Grandiose plans to be a famous author and “child expert” six years ago were quickly dashed during the recession after I self-published my first book, The New Physics of Childhood (IUniverse, 2009).  Not only was it rejected by many because I did not have a credential behind my name like, PhD., MSW, EdD., etc. I realized that the tone of it (due to a lifetime of pent-up experiences) was somewhat arrogant and harsh. I began the rewrite immediately, along with edits by several professionals. Then the publishing industry took a dive and so did my income. It was time to set idealistic dreams aside and make way for Plan X.

Foreclosure, bankruptcy and divorce (in that order) were juxtaposed to my extinguished author dreams. I knew that the once well-paid work I had done earlier as a caregiver was a very temporary replacement and sabbatical to my teaching career, yet this job title had lasted for over a decade and seemed it was my only real option for earning income forever, unless I had a Master’s Degree! With a Master’s, I could finally earn the respect of my years, since wrinkles don’t show well on a resume. After researching and allowing the dream to simmer, I knew that a Master’s in Public Health was the only way for me. It would allow me to focus on my passion for Preventive Health Education, while also giving me incredible opportunities to influence public policy and the health of communities. It would also provide me with the potential for a real income and benefits so I can rebuild my life and my nest egg before I allow myself the luxury of retirement in my mid-70’s.

I could have never imagined that when everything was gone, save my beautiful family, that the only option was actually the dream I had so wanted, yet had never uttered or allowed myself to think of. This dream also occupies the same space as my dream to be a well-known and respected author one day. *

For now, the reality is one dream at a time! I prepared for two years by taking brush-up courses and using the time to finally become fluent in Spanish. All of my experiences and preparation in the last two and a half years got me accepted to the 3 programs I applied for! In August, I begin my journey in San Francisco State University’s MPH Program in Community Health Education. Yeah!!!!!!

I am saving money by couch-surfing for a month, while I work in my field of choice, in preparation for grad school. I am not thrilled about taking any student loans out and am hoping my second year in school is funded solely by scholarships and part-time work. I have a lot to accomplish professionally, and am committed to being a full participant in my graduate school experience.

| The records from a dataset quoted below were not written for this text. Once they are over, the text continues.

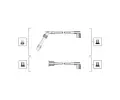 Sada kabel pro zapalovn MAGNETI MARELLI ‐ MAG 941319170027
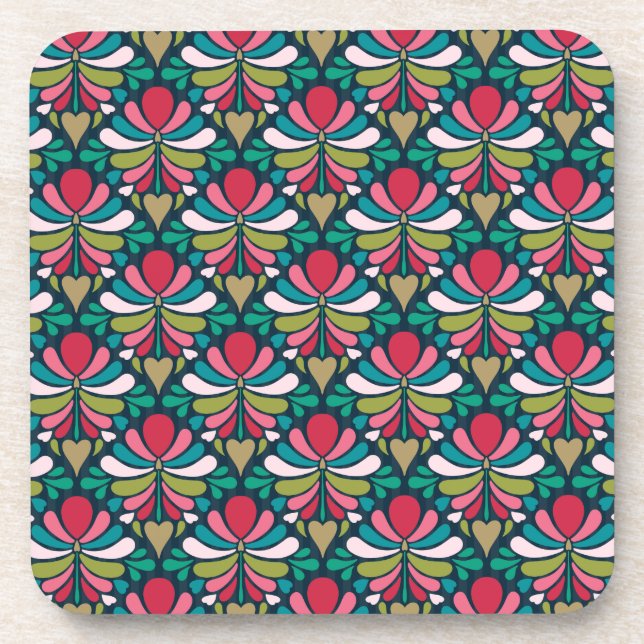 Midnight Topiary Coaster (Front)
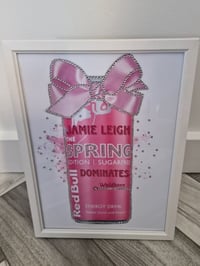 PERSONALISED PINK RED BULL FASHION PRINT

During my undergrad career, I was a single mother raising three daughters. I had no time for friends or campus activities. All I wanted to do was race home to my daughters every day after school. The 3-hour commute to higher education ate up many precious hours with my daughters as it was. Now, I am one mile from campus and by myself to focus on school work, etc. Maybe I will even make some friends, something that hasn’t really been a part of my life with every second going to family. Though I am realistic enough to know that I won’t really have time to do much of this or to sit around and play cards while I am in grad school. However, I am already looking forward to visits “back home” to indulge my inner card playing junkie.

Yes, this day, this life, this new chapter is the perfect description of a bitter-sweet moment. I will miss my family in Roseville, but I will actually have more time with my youngest daughter and other grandson, now that I am closer to them.

Beyond the tears and tugging of little heart strings, life is good! I even received a $1,000 scholarship by a wonderful organization that felt compelled by my personal journey. Perhaps there are more angels like this in my future. I sure hope so, because as this Grandma heads off to college, I need all of the angels I can get, yet nothing will take the place of the beautiful family I have waiting for me when I return home after I receive my Master’s in Public Health! It will be the 1st. Master’s Degree in our family, just as my AA & BA were when I received them, years ago. I hope one day I can be an inspiration for my grandchildren so they know that it is never an option to give-up or give-in and that it is never too late for your dreams to come true!

*CONFESSION   – In the middle of preparing to leave for grad school, the writer in me just had to get that one last lick in! I formatted the 30+ years of my children’s stories and printed them out for my grandchildren to read in my absence. More on this project in future posts.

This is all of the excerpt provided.